Pictures with short captions
· · · · ·

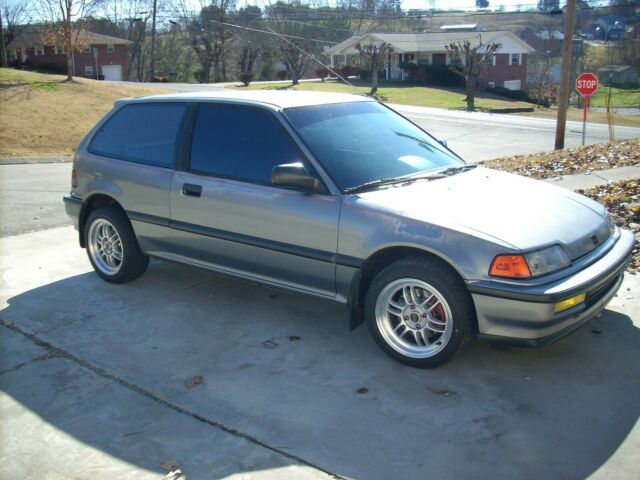 1991 Honda Civic dx - photo 2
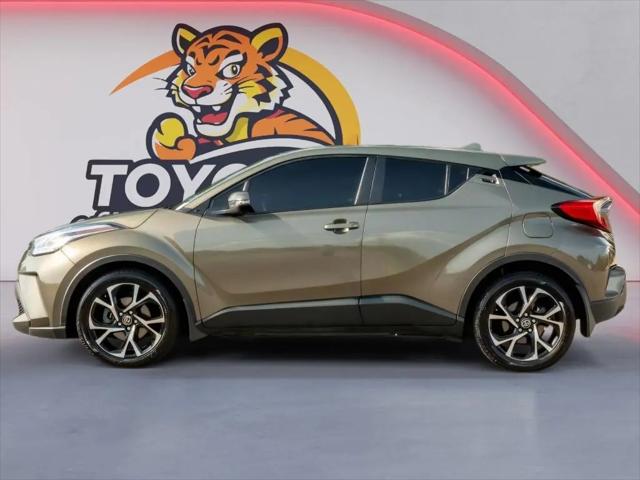 2021 Toyota C-HR XLE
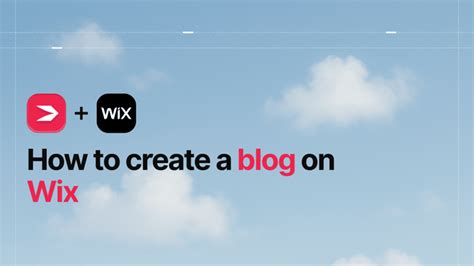 Image result for Creating a New Blog Database in Wix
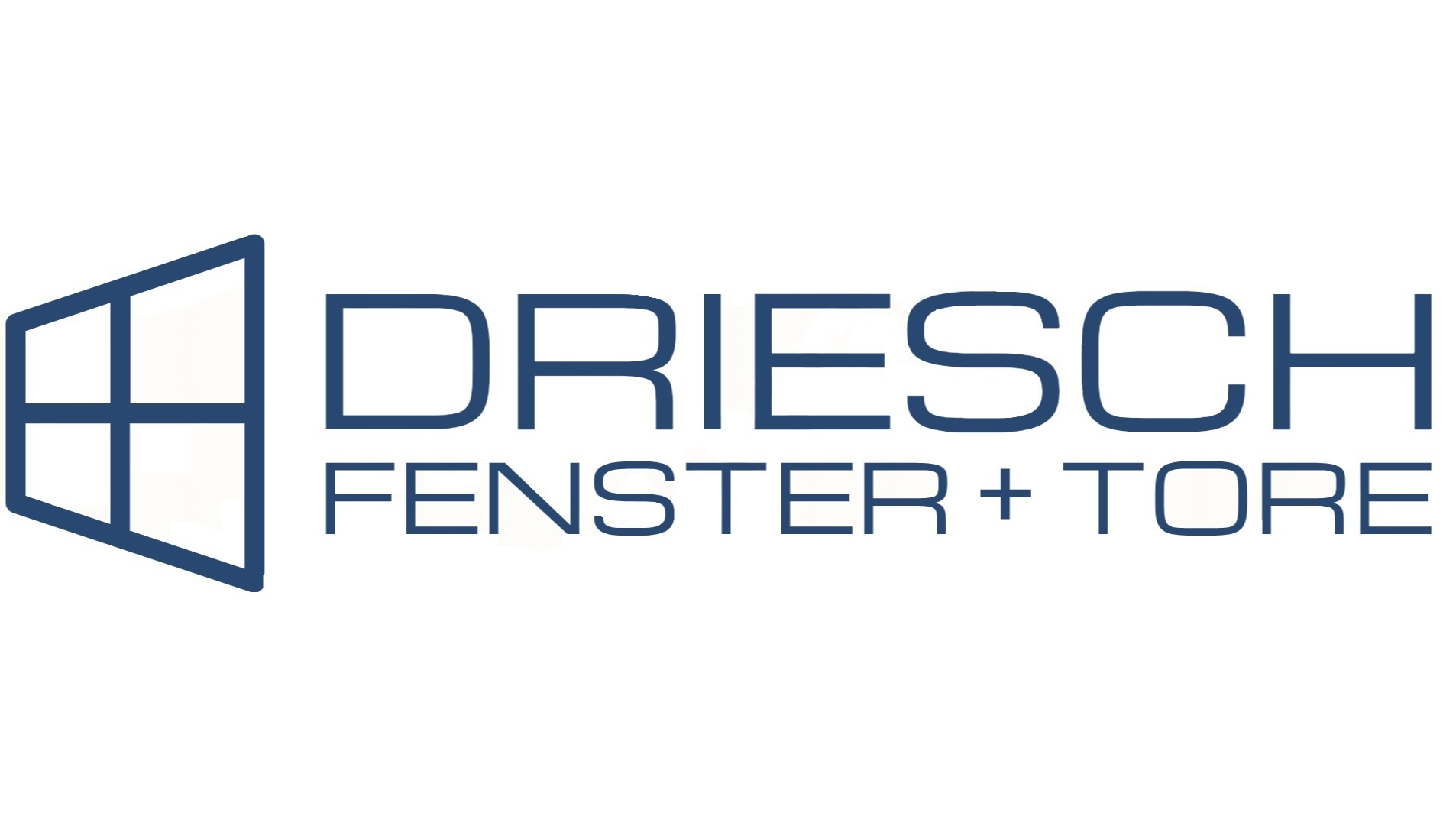 Driesch Fenster + Tore in Wehrheim - Logo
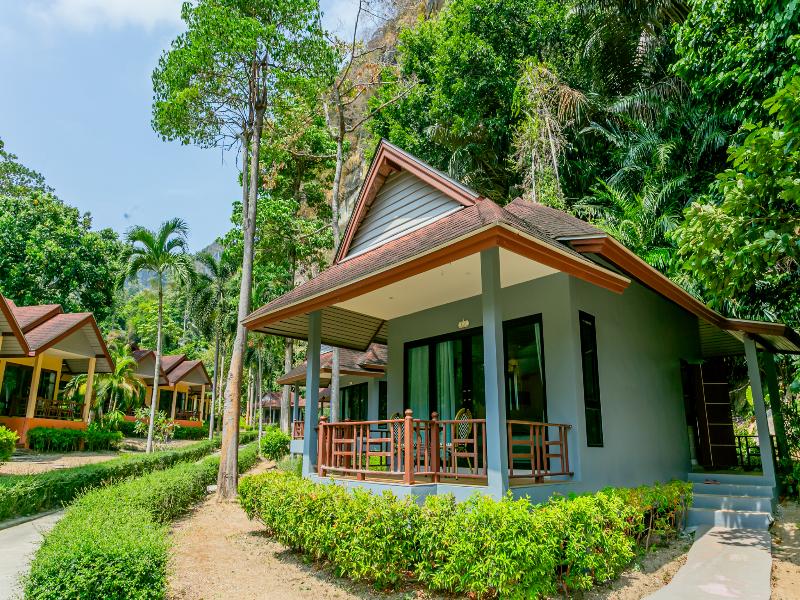 Tonsai Bay Resort - Oda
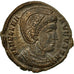 Moneda, Helena, Nummus, 327-328, Trier, MBC+, Cobre, RIC:508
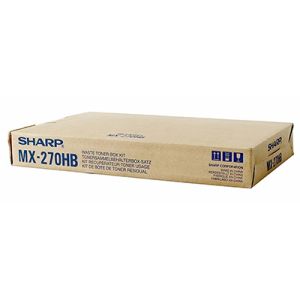 Zbiralnik odpadnega tonerja Sharp MX-270HB, 50.000 strani (original) | MEGAtoner.si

· · · · ·

GOAL OF THE EXERCISE:
Each line from the one that holds "Tonsai Bay Resort - Oda" through the end of the entries must be returned exactly, while any pictures stay out.

EXPECTED ANSWER:
 Tonsai Bay Resort - Oda
 Moneda, Helena, Nummus, 327-328, Trier, MBC+, Cobre, RIC:508
 Zbiralnik odpadnega tonerja Sharp MX-270HB, 50.000 strani (original) | MEGAtoner.si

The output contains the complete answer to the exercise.